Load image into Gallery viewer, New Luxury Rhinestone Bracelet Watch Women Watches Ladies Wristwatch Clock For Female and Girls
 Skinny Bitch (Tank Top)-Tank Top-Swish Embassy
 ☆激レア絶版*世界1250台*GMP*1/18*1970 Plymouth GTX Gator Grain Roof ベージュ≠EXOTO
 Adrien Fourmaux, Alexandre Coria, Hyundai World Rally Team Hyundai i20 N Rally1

::::

Work task: With nothing added or dropped, reproduce all the data exactly.

Solution to this task:
Load image into Gallery viewer, New Luxury Rhinestone Bracelet Watch Women Watches Ladies Wristwatch Clock For Female and Girls
 Skinny Bitch (Tank Top)-Tank Top-Swish Embassy
 ☆激レア絶版*世界1250台*GMP*1/18*1970 Plymouth GTX Gator Grain Roof ベージュ≠EXOTO
 Adrien Fourmaux, Alexandre Coria, Hyundai World Rally Team Hyundai i20 N Rally1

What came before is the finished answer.